Administrators had wanted the issue to come out, but with changes. On Monday, Selman said she and the other student journalists stand by the stories in question.

"We are working to save as much of the November issue as we can, but it's a matter of principle," said Selman, a senior from Buffalo Grove. "We have standards and ethics we believe in."

Selman and Statesman Managing Editor Evan Ribot met with Principal Janet Gonzalez, the Statesman advisers and other administrators on Monday to discuss the matter. The teens' parents were involved in the roughly 45-minute meeting, too.

"We just discussed how to move forward," Selman said. "There's been a lot of dialogue between (the students) and the administration."

Stevenson spokesman Jim Conrey declined to discuss the nature of Monday's talks.

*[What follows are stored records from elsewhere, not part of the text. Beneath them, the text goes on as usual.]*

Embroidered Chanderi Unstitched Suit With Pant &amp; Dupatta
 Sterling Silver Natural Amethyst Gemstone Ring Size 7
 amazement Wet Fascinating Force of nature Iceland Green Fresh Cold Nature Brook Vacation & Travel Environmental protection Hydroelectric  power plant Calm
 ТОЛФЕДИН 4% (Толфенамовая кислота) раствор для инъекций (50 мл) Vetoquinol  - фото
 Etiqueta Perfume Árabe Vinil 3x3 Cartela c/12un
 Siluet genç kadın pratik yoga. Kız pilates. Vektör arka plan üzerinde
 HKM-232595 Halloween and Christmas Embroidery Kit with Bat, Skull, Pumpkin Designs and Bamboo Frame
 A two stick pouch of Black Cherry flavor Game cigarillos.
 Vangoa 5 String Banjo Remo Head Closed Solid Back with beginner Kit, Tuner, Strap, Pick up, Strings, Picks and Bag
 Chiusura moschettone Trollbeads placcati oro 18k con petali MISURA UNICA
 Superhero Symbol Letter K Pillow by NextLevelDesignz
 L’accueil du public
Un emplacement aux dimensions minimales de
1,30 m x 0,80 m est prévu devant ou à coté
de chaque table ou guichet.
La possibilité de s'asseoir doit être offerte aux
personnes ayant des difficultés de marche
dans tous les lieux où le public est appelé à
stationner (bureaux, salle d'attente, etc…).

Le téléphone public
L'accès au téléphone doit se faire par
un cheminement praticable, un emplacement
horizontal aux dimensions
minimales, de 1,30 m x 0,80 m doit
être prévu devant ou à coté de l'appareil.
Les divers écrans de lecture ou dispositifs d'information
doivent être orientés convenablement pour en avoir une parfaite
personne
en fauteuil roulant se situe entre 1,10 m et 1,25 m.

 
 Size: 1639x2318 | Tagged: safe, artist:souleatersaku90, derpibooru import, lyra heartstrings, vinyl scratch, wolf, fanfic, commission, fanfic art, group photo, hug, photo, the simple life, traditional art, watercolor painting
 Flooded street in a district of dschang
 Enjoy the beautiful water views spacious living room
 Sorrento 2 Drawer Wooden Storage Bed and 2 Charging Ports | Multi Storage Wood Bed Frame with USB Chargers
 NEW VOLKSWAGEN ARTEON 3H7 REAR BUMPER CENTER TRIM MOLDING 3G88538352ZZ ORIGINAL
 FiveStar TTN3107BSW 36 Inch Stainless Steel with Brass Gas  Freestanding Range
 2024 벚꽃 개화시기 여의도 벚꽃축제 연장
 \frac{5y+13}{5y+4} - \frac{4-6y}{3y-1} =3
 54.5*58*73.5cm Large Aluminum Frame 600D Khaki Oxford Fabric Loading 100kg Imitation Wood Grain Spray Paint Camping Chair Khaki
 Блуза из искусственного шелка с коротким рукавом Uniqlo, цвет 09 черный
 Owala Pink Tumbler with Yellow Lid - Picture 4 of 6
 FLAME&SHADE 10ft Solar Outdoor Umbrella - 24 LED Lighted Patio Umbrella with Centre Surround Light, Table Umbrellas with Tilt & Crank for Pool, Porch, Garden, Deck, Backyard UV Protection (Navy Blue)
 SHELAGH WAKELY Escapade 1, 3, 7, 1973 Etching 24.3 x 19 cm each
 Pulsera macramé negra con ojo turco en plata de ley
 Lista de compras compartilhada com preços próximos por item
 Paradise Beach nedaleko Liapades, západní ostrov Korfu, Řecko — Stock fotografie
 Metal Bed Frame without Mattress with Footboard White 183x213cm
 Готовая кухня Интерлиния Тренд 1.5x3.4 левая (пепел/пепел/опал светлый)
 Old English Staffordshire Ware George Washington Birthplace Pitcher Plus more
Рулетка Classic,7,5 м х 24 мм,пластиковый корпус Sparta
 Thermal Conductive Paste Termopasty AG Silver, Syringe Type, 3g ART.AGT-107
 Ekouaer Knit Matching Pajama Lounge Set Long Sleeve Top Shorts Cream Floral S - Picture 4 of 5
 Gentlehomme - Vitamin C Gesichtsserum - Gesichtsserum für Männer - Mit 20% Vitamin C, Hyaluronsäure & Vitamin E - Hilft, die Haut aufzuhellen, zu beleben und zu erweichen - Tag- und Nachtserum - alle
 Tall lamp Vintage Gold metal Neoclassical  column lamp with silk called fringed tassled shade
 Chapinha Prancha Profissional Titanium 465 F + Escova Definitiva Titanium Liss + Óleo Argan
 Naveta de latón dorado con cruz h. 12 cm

"The meeting that occurred this morning was a private meeting related to student progress in a course that is part of our curriculum," he said in an e-mail. "Consequently, we will not be releasing any details from the meeting."

Selman said the teens are interested in a compromise, but added "we're really just hoping the school does the right thing."

Conrey said school officials are hopeful the November issue eventually will be published. Selman didn't sound optimistic that would happen.

"There was a lot of good work (in the issue), and it's a shame that none of it is being printed right now," she said.

No disciplinary action has been taken against any of the students, Conrey said.

"And I take that they met this morning as an indication that there probably won't be," he said.

The controversy is the latest dispute between students and administrators over Statesman reporting. A January story about teen sex led to more administration oversight because of what officials said were reporting problems.

Additionally, teacher Barbara Thill left her post as the newspaper's adviser at the end of the 2008-09 term.